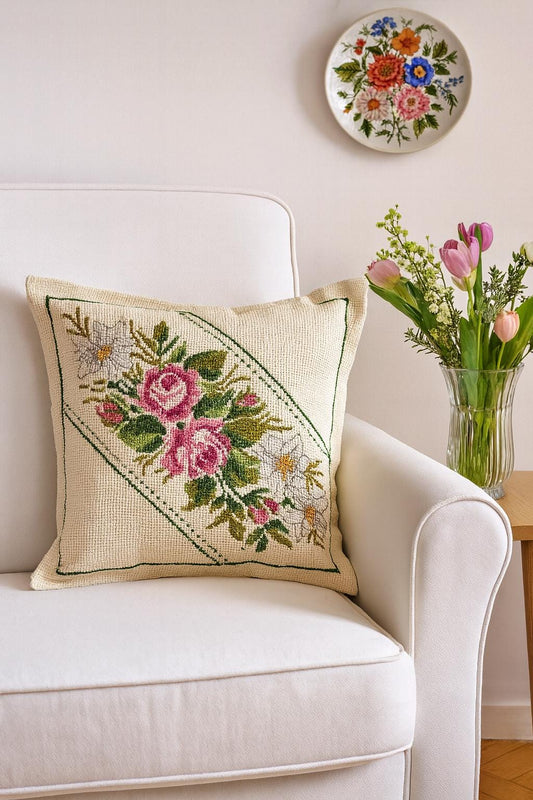 Vintage Hand Embroidered Pillow – Cross Stitch Cushion with Roses – Colorful Boho Home Decor on white armchair with flowers nearby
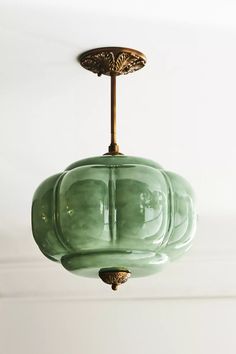 a green glass light fixture hanging from a ceiling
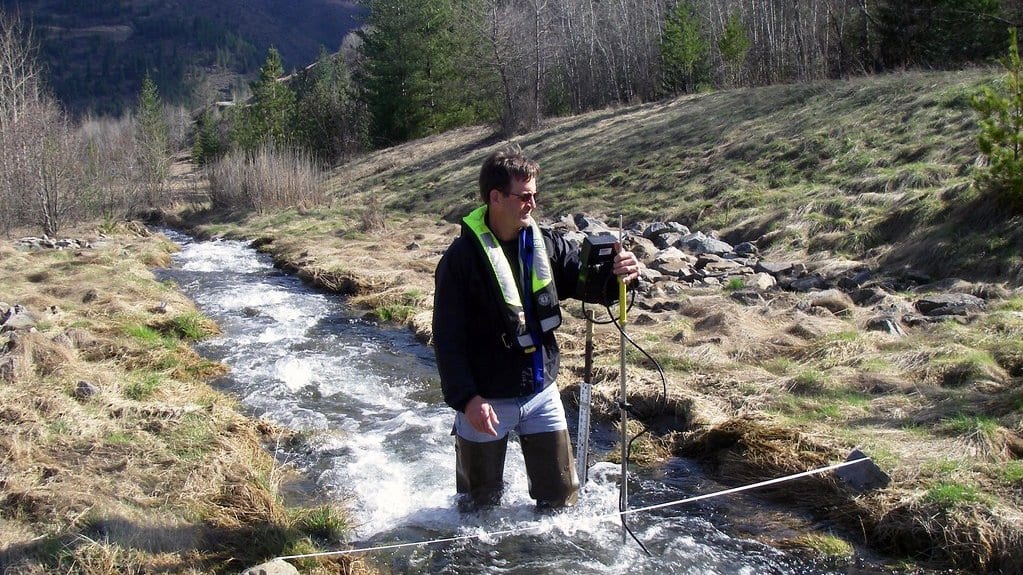 A hydrologist in waders stands in a shallow stream in a hilly valley, holding a flow meter on a wading rod, with a measuring tape stretched across the channel.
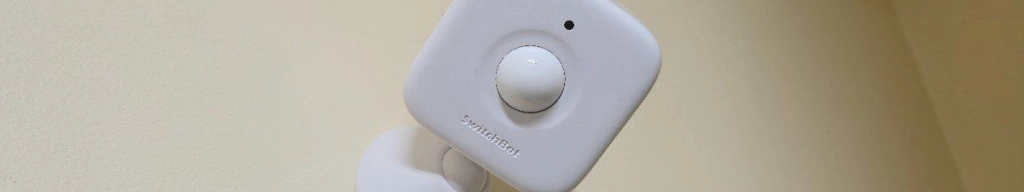 The switchbot motion sensor mounted up high in a closet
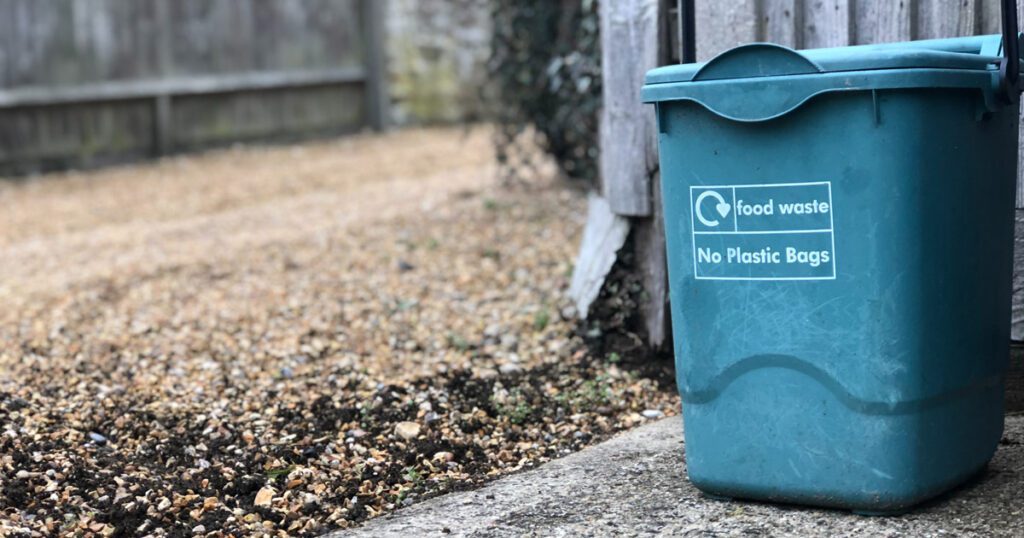 A blue compost bin sits in the driveway.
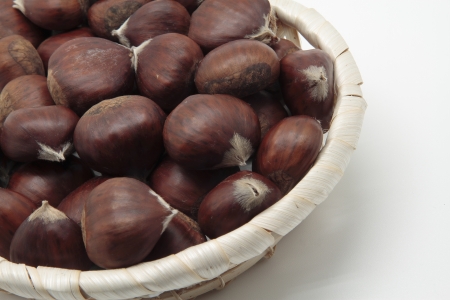 picture of a basket with some delicious chesnutsの写真素材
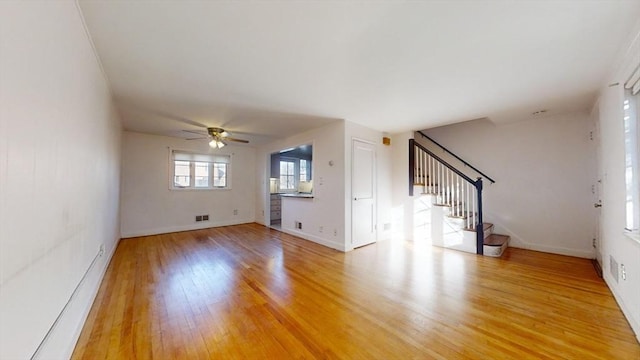 unfurnished living room featuring hardwood / wood-style floors and ceiling fan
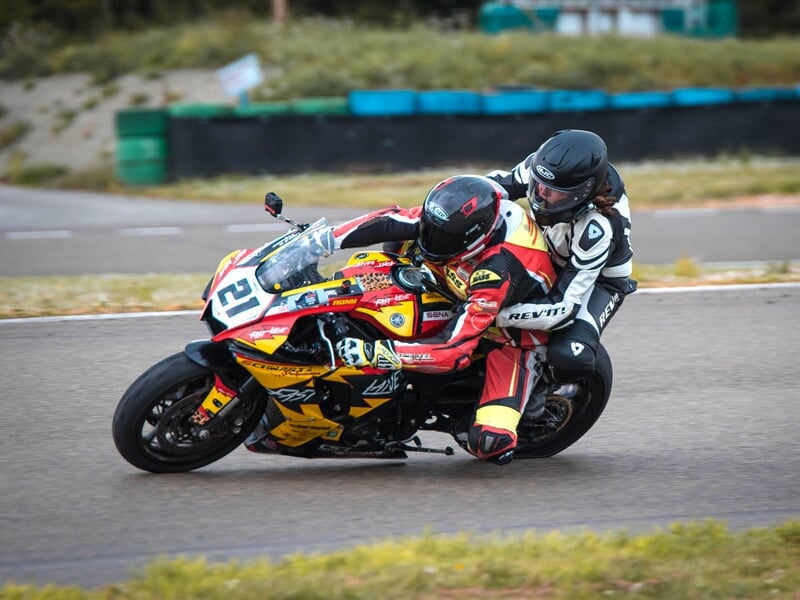 une moto avec deux personnes dessus équipées de casques en plein virage sur un circuit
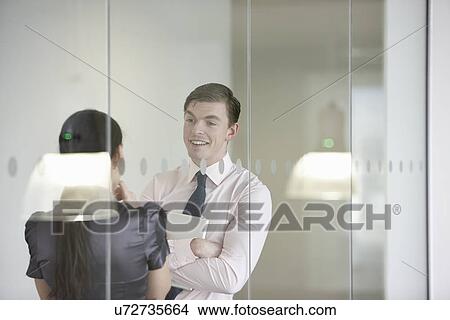 Business colleagues in discussion through glass View Large Photo Image Picture - Business colleagues in discussion through glass. Fotosearch
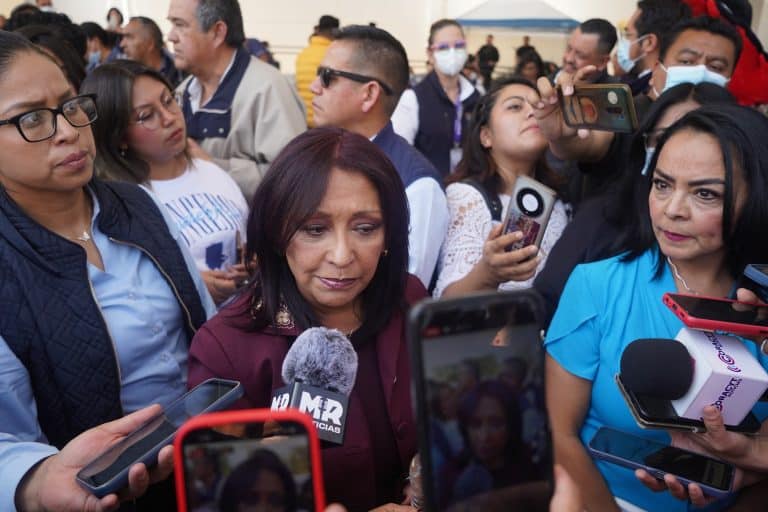 Mujeres y periodistas en una rueda de prensa al aire libre, rodeadas de medios y asistentes, en un evento público en Tlaxcala, México.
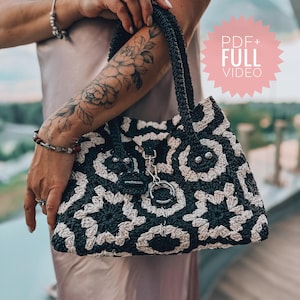 Könnte beinhalten: Eine gehäkelte Tragetasche in Schwarz und Weiß mit einer silbernen Kette und einem schwarzen Etikett mit der Aufschrift "Handmade with love".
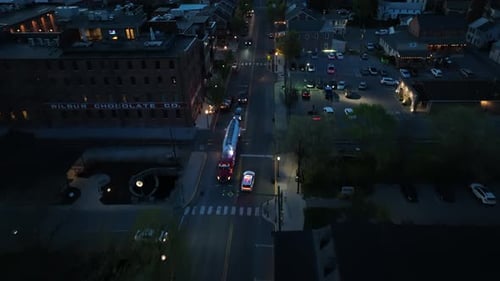 Coche de policía en la calle principal de American Town por la noche. Vista panorámica con inclinación aérea hacia arriba. Establecimiento de Zumbido sc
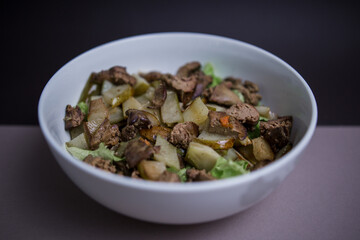 pear with chicken liver in a salad in the kitchen
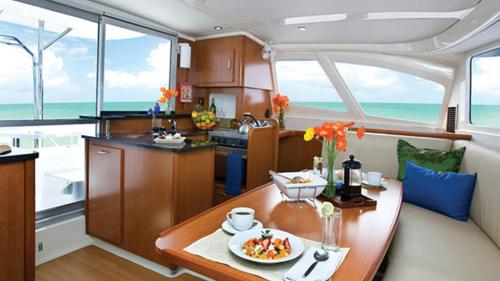 a kitchen and dining room in a yacht at Sabba Whitesand Catamaran in Fodhdhoo
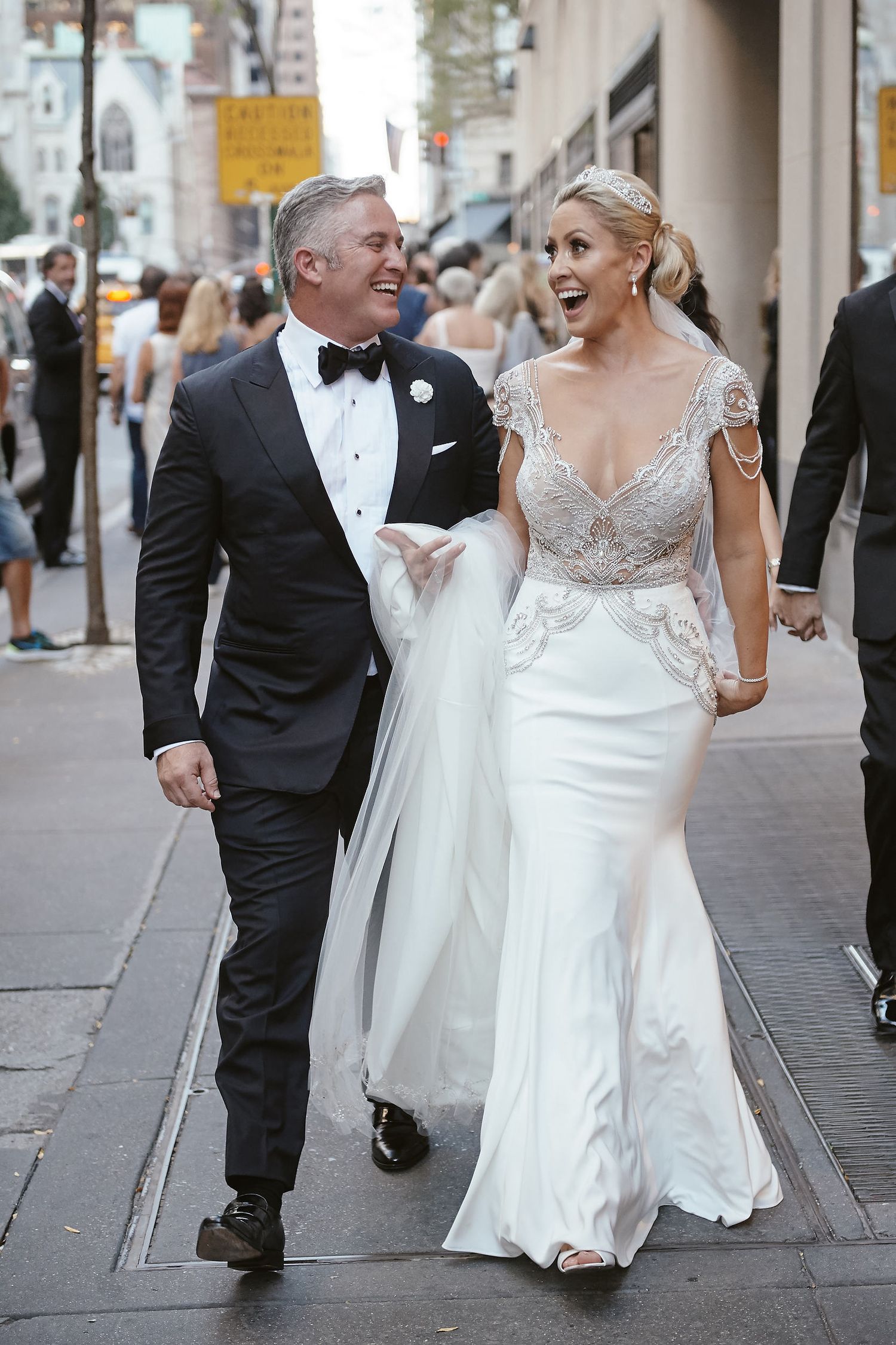 A bride in a lace-detailed fitted gown walks down a city street with her groom wearing a classic black tuxedo and bowtie.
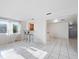 Bright and airy living room with tile floors, a window, and an open bar area at 3338 Hoover Dr, Holiday, FL 34691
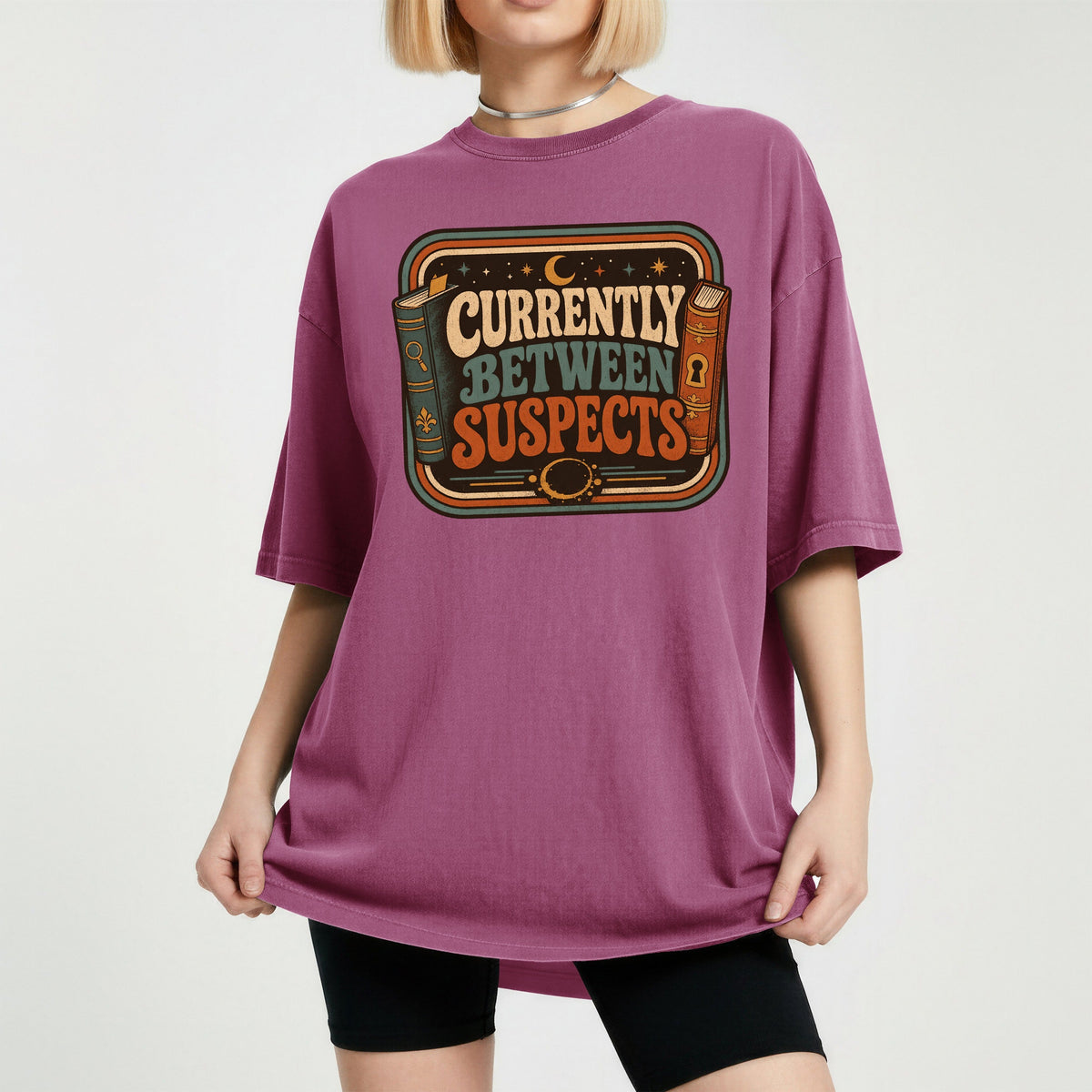 Shelf Love Studio Currently Between Suspects t-shirt in Berry, worn
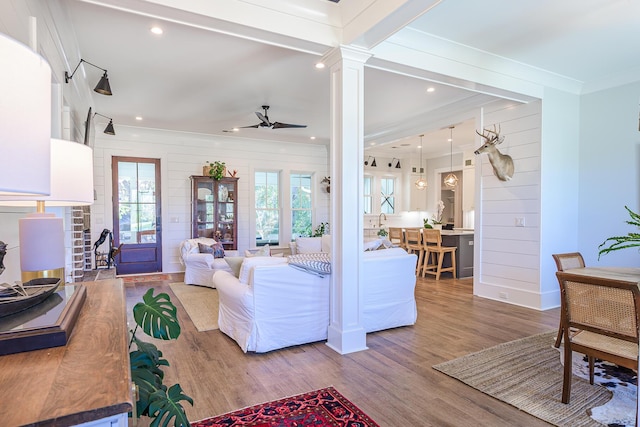 living room with a wealth of natural light, wood finished floors, crown molding, and ceiling fan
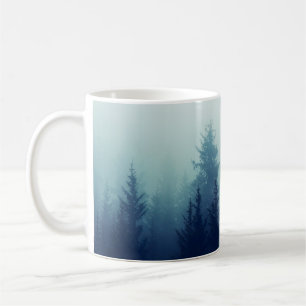 Misty fog in pine forest on mountain slopes. Color Coffee Mug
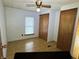 Comfortable bedroom features a ceiling fan, wood-look flooring, closet, and natural light at 8418 S State Road 39, Clayton, IN 46118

# Exercise:
Here the job is to copy the listing above word for word, starting at the line with "une moto avec" and ending at the line with "Business colleagues in discussion through glass View", and to leave out the pictures.

# Reply to the task:
 une moto avec deux personnes dessus équipées de casques en plein virage sur un circuit
 Business colleagues in discussion through glass View Large Photo Image Picture - Business colleagues in discussion through glass. Fotosearch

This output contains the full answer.